The government’s move to allow the sale of non-essential products on e-commerce and the partial reopening of retail stores in safe zones has given brands the opportunity to market products to consumers.
The phased easing of the pan-India lockdown is resulting in an increase in television advertising. As per BARC India, advertising volume has peaked at 2.69 crore minutes of free commercial time (FCT) since the beginning of the lockdown, during June 6-12. To give a comparison, ad volume was at 3.29 crore minutes of FCT during March 21-27 and was hovering around 2 crore minutes weekly during the lockdown period.
The government’s move to allow the sale of non-essential products on e-commerce and the partial reopening of retail stores in safe zones has given brands the opportunity to market products to consumers. Some brands have launched new products, a few are introducing fresh campaigns for existing products, and several brands that became relevant during the lockdown are the most prominent ones on TV now. “The TV advertiser’s profile has shifted from mainly FMCG companies to now include gaming platforms, edu-tech companies, food and beverage brands, and mobile handset manufacturers,” Deep Drona, COO at media company Enterr10 Television, said. E-commerce brands, video-streaming services, digital payments, health and wellness brands, and delivery aggregators, too, are making a splash on TV.
While some green shoots are beginning to be seen, there’s still a long way to go for revival. “In April we witnessed a 75-80% fall in advertising. There has been a rise since then, but it’s not yet back to the January and February levels,” Pawan Jailkhani, chief revenue officer, 9X Media, said.
“The FMCG category, which is the backbone of the industry, is yet to return in full force,” he added.
In May, Dangal TV, the most-viewed general entertainment channel, was operating with 50% of pre-Covid advertising.
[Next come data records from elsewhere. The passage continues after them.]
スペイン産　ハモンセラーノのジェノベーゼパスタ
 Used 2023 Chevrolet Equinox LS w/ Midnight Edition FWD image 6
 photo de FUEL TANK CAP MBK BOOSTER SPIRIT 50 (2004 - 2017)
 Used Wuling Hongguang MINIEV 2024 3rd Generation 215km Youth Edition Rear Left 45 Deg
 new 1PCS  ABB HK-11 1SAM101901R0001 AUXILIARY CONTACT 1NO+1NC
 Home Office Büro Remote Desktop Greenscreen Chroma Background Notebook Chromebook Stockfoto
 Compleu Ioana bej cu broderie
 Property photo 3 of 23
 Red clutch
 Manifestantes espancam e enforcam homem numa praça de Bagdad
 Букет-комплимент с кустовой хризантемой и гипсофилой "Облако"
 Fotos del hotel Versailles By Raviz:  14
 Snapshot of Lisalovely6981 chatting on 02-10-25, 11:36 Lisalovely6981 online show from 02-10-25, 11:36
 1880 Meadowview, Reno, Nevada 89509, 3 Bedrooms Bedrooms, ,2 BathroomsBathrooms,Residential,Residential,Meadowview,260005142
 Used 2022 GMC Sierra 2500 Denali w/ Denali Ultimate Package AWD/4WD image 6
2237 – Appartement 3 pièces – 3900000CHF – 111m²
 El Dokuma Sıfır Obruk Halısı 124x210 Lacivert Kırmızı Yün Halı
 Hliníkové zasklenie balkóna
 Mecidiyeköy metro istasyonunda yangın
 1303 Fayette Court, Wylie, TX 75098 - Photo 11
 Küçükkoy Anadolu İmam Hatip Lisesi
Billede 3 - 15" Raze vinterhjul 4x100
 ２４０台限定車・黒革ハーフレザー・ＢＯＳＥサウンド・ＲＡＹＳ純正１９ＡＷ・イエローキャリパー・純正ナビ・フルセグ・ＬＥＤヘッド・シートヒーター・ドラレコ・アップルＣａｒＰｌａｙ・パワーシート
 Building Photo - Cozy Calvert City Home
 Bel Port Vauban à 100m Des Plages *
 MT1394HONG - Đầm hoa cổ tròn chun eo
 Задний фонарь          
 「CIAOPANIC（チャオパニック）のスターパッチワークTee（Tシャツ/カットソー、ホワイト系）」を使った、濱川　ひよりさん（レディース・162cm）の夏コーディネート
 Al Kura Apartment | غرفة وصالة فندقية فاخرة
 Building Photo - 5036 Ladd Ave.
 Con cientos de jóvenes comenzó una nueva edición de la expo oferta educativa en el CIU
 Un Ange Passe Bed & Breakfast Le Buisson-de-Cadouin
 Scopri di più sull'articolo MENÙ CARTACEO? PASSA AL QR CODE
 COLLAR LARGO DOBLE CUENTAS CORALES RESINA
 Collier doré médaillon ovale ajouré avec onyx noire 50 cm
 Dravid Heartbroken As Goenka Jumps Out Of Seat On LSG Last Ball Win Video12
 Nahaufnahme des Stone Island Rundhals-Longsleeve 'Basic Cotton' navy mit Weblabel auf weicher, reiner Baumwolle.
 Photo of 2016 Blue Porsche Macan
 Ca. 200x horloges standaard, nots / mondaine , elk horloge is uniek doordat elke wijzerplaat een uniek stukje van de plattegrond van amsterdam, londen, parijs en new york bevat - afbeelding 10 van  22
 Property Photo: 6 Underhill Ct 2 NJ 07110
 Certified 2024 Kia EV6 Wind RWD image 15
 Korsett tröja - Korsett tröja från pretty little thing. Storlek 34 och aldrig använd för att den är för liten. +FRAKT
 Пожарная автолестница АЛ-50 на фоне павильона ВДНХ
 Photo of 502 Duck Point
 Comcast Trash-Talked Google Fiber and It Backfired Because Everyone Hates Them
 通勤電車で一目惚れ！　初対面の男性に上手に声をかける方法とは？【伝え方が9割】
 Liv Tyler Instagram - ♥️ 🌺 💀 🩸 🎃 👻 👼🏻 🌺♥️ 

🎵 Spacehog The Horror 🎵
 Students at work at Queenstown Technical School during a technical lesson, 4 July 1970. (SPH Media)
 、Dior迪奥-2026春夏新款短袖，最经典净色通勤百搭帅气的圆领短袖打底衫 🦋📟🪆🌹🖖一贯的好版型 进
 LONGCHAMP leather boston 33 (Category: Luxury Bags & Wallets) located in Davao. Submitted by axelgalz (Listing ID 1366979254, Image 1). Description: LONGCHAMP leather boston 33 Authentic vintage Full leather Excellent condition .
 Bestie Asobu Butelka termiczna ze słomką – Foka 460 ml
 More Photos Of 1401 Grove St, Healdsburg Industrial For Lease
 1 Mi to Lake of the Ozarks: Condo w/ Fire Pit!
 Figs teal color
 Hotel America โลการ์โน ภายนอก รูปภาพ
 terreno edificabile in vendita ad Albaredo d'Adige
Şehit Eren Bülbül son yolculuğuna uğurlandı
Times Network expects a surge of 15-20% in ad volume in June and July compared with the lockdown period.
The increase in advertising volume alone is not an indicator of the health of the industry. Television channels that were offering nearly 70-80% discounts on advertising rates during the complete lockdown period have brought the discounts down to about 40-50% on pre-Covid ad rates, media buyers said.
“In June, our ad volumes are down by less than 10% on a year-to-year basis. With an improving inventory fill, the overall rates have started to recover strongly,” Ashish Sehgal, chief growth officer, advertisement revenue, ZEE, said.
Noting that consumer sentiment is crucial to the return of advertising on television, Jailkhani expects that a complete revival will take at least five-six months. The festive season and IPL could drive spends in the second half of the year. “The likelihood of IPL in this season would also result in increased advertising, thereby pushing volume and rates,” Gaurav Dhawan, EVP, revenue, Times Network, said.
Big spenders on television are yet to return to the medium. Categories such as automobiles, two-wheelers, educational institutions and real estate are still largely absent from TV. “All brands are continuing to be cautious with their spending because they are watching how consumers respond to the opening up of the shops and markets,” Navin Khemka, CEO, MediaCom South Asia, said.
Lack of new original content on general entertainment channels continues to be a hurdle for broadcasters. News channels lead the pack and attract the most advertisements as people continue to tune in to watch updates about the developments around the pandemic.
“Shooting of fresh content in some markets has begun in May and June and we have also started telecasting the same on some of the channels. New content will continue to attract higher rates,” Sehgal of ZEE added.